Fable (Definition & Examples)

The word “fable” originated from the Latin word “fabula” which refers to the chronological sequence of events in a narrative. Here the fable definition & examples have been detail discussed.

Fable

The word “fable” originated from the Latin word “fabula” which refers to the chronological sequence of events in a narrative. The legendary fabulist Aesop, who wrote in ancient Greece, is the source of the majority of Western tales.

Let’s start fable definition.

Fable Definition:

Fable is a brief tale in prose and a short allegory. Non-human creatures or lifeless objects are normally the characters of fable. The imaginative characters are developed in fable and story is carried out through them.

Characteristics of Fable:

The presentation of human beings as animals is the characteristics of the literary fable. It is unlike that fable is flourished among primitive people.
According to Lessing, the Fable embodies a moral in a special case; this is vested with reality, and narrated as a story, which suggests the moral at once.

Many of the Fables turn upon the actions and characteristics of animals. This practice has arisen out of the circumstances that the animals chosen have a certain fixed character; as the cunning of the fox, the meekness of the lamb, the strength of the lion.

Well-known Fables:

There are many famous fables in history of literature. The purpose to write fable is to give some lesson and to apprise the readers about some reality and fact.
The well-known fable of the ‘hare and the tortoise’ teaches the lesson; ‘Slow and Steady wins the race’. Similarly, the story, ‘haste makes waste’ is also categorized to impeach lesson that every work should be done with due care and peace of mind.

Subject Matter of Fables:

The subject-matter of fables has sometimes to do with supernatural and unusual incidents and often draws its origin from folklore sources.

The fables attributed to Aesop, a Greek slave who lived around 600 B.C., are by far the most well-known, but those of La’ Fontaine, a Frenchman writing in the seventeenth century, are almost as well-known for their particular humor, wit, wisdom, and sprightly satire.

‘Bidpai’ is also one of the fables which was composed in Sanskrit in 300 A.D. This version was composed in different languages in 3rd and 16th centuries.

‘Animal Farm’ by George Orwell is a political satire, which has been composed in the form of a fable which shows the destitute condition of African people and supremacy of white people over black.
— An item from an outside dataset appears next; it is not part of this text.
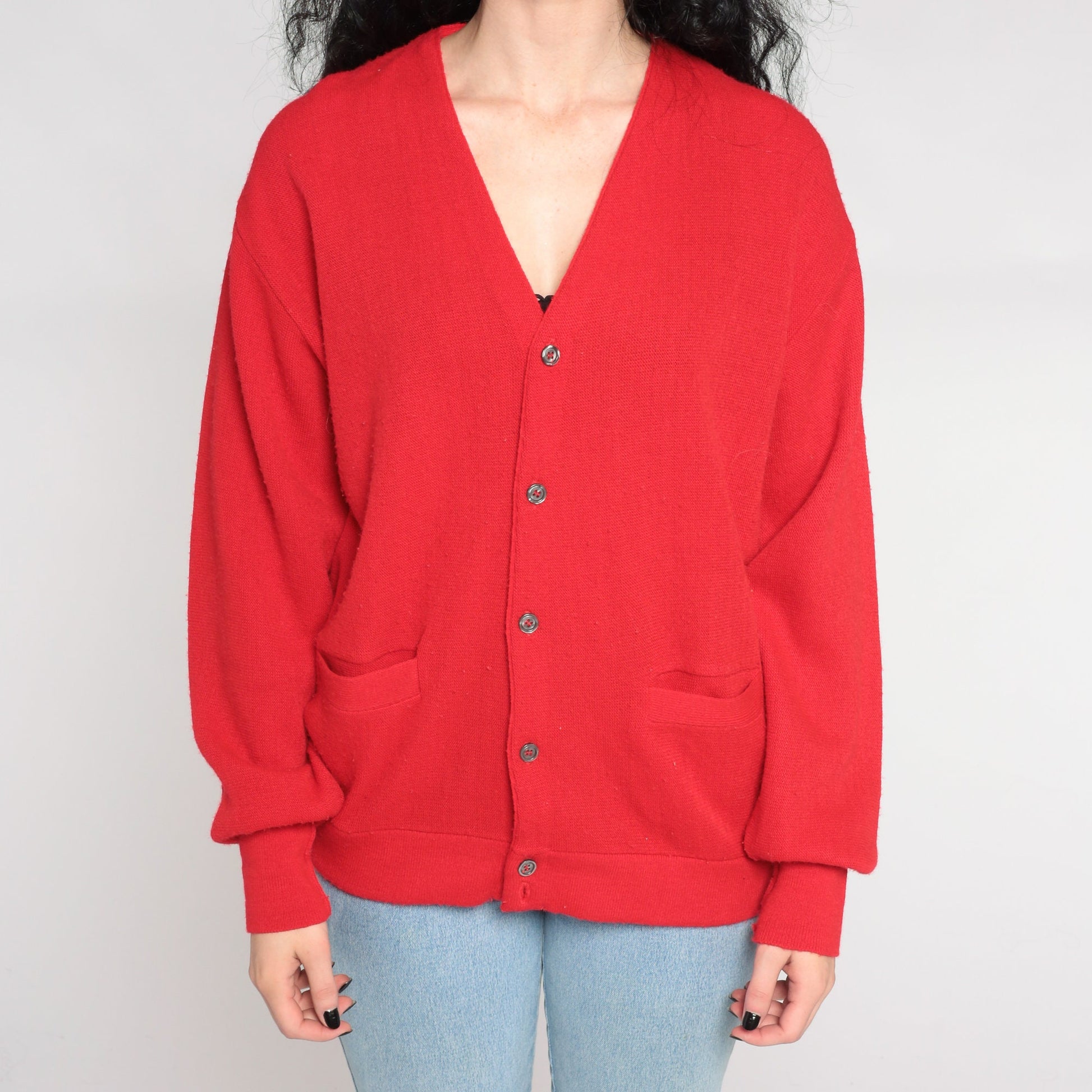 80s Red Knit Cardigan V-Neck Button-Up Sweater Large L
Further ‘droll fables of our time’ by James Thurber are also very famous.

What is Fabliau?

The fable definition has earlier been discussed. Fabliau is a short narrative in octosyllabic verse, consists of 300 to 400 lines. Although the form of fabliau is in French, but there are examples in Literature also, like Revve’s Tale and Chaucer’s Miller’s.

What is Fabula?

It is a form of comedy drama which remained popular in Rome until the period of Augustus. Beside the characters as discussed in fable definition, the characters of fabula were represented by masks. The famous authors of fabula were, Maccus, Paapus, Manducus, Dossenus etc.

What is Fabulation?

The term introduced by Robert Scholes in ‘The Fabulators’ which was used to describe the anti-vowel. It involved allegory and verbal acrobatics.

Writers of Fables:

Important fabulists are Gay (England), Lessing (Germany), Krylov (Russia). Further Marie de France who composed 102 fables in verse and La Fontaine are known as the world’s master fabulists. The imitators of La Fontaine were, Eustache de Noble, Pignotti, John Gay, J.P.C. de Florian and Tomas Iriarte.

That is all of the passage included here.